Easter traditions in Poland

Easter in Poland is as festive as Christmas, although people are only free from work on Easter and the second day of Easter. The shops are open all week, some shops are also open on Saturday mornings.
But you can feel the Easter atmosphere throughout the week already from Palm Sunday. There is baked, fried and made spring clean for the big party.

Palm Sunday offers the tradition of making or buying one “palm tree”, which in the Polish version is just a kind of bouquet of newborn goslings and embellished with cranberry berries. These symbolic “palm trees” is taken to church and blessed by the service that day, and afterwards placed in a vase in the living room.

During the Easter week, a lot happens in the Catholic Church every day, especially in the evening. But the most significant evening, however, is Good Friday. In each church there will be a worship service with a procession to remind the Catholics of the suffering and death of Christ. at the special stations that extend in the hilly terrain over several kilometers. The locals actively participate in this ecclesiastical performance where people are dressed up as Christ and Romans and perform the scenes we know from the Bible. It is also a major tourist attraction.
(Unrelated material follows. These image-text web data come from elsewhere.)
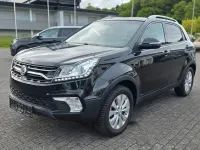 Usata SsangYong Korando 150 CV (110 kW) 2018 Nero SUV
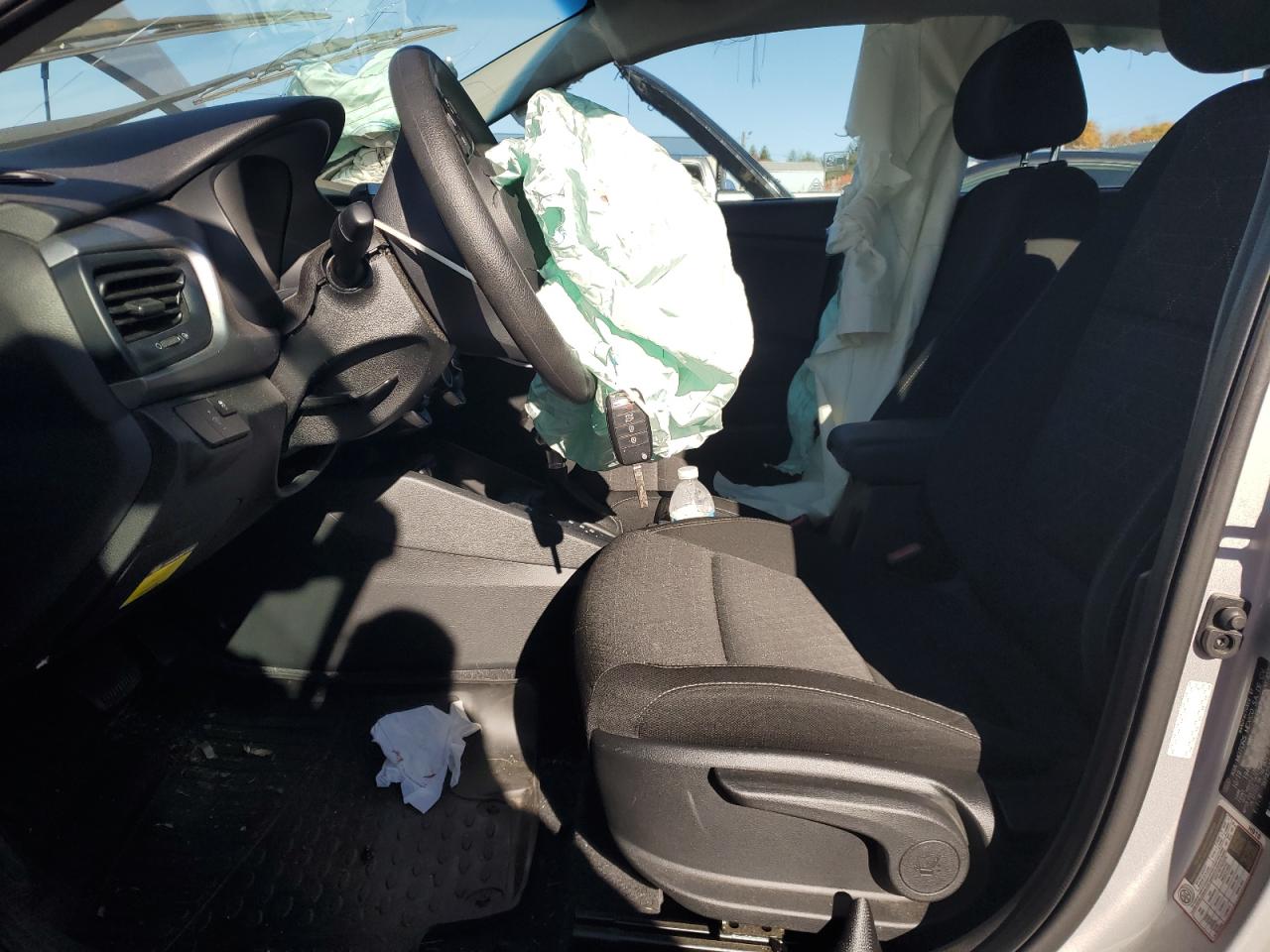 2020 Kia Rio Lx VIN: 3KPA25AD0LE278230 Lot: 91481155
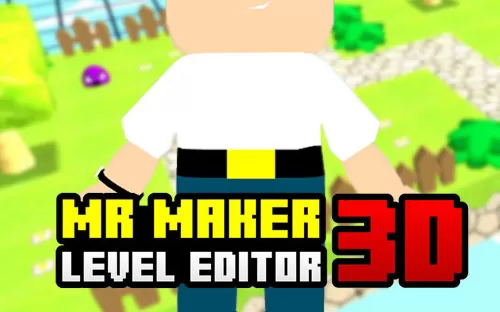 switch《Mr Maker 3D Level Editor》英文版nsp/xci下载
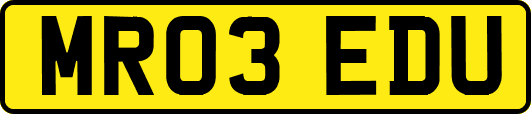 MR03EDU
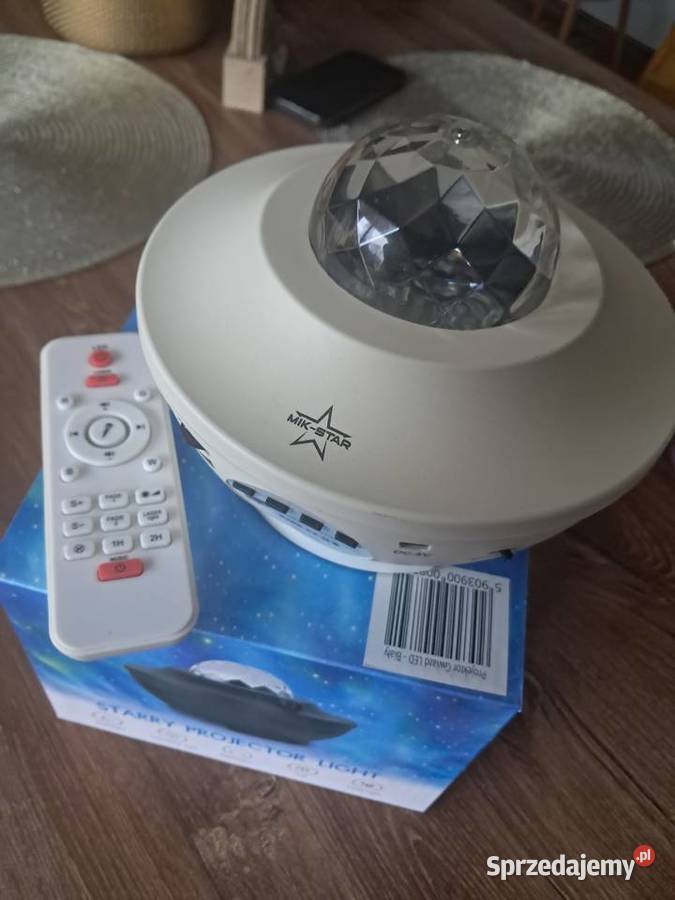 MikStar Projektor gwiazd LED z pilotem użyty świętokrzyskie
On Easter Saturday, each household fills a basket “pisanki”, i.e. hard boiled eggs where the shell is colored or painted.
There are many ways to color Easter eggs. You can use the brownish peel of onions and boil it with the eggs, then they will be colored brownish dark red. You can color the eggs green by boiling them together with green cereal sprouts. You can also cook them with beets. Someone is still painting patterns on the shell.
In the Easter basket there should also be a piece of bread, salt, horseradish, an Easter lamb of sugar (or chocolate or as a cake) and what else you think, for example: a piece of sausage, a piece of cake. The basket is usually decorated with cranberry berries and covered with a nice napkin.
If there are young children in the household, it is usually those who bring the basket to church. Here, the priest splashes water on the brought baskets, ie. blesses the content.
Once this ritual is completed, you can start celebrating Easter.
Until now, the entire Easter week was to be fasted according to the Catholic Church's recommendations. It is no longer observed as strictly as before, but most fast for Good Friday; here you eat fish instead of meat.

The most solemn time of Easter is at breakfast Easter morning.
The food that has been blessed in the church on Saturday is put on a platter, the peel is peeled from the eggs and they are split so that everyone can have a piece. The housewife first treats with the blessed foods and wishes “Happy Easter”. Afterwards, you eat a sumptuous breakfast for a long time.
This day is a very big party and family day.

Monday, 2nd Easter Sunday is a little different, and here you start the day with a special custom.
The custom is called “smigus-Dyngus” and assumes that everyone tries to be the first one in the morning to surprise the others and spray some cold water on them while yelling: smigus-dyngus.
This custom is also found in another edition where one whips one another on the legs with small twigs of birch. The practice with the water is most prevalent in central and southern Poland, while birch twigs are practiced in northern Poland.
The pretty, young girls are most exposed to this custom when they go to and from church that day.
Young men want to surprise them with water guns, jugs and even entire buckets of water. On this day, it is permissible to make jokes that way, and one can run the risk of meeting boys and young men armed with water on every street corner and throughout the day.
It is on Monday that you invite guests or visit.

At Easter you get good food in copious quantities. According to the Easter tradition, the special cakes for the tea or coffee table must not be missing. Throughout Poland, you make or buy a high round cake: “Babka”. In central Poland, in addition to this, a cake called “Mazurek”, which is a flat cake with lots of glaze in many colors and with patterns in the glaze depicting e.g. a hare, a daffodil, goslings, lambs or other Easter symbols.

Maryla Twardowska-Spangshus
Kroghsvej 21, DK-7500 Holstebro
Tel: (+45) 97 42 54 01 – Fax: (+45) 96 10 05 58
E-mail: mts@spangshus.dk \
Screenplay for radio interview 18.3.2005

Translated into English by Google Translate. Spangshus.dk accept no liability for any errors or omissions in translation.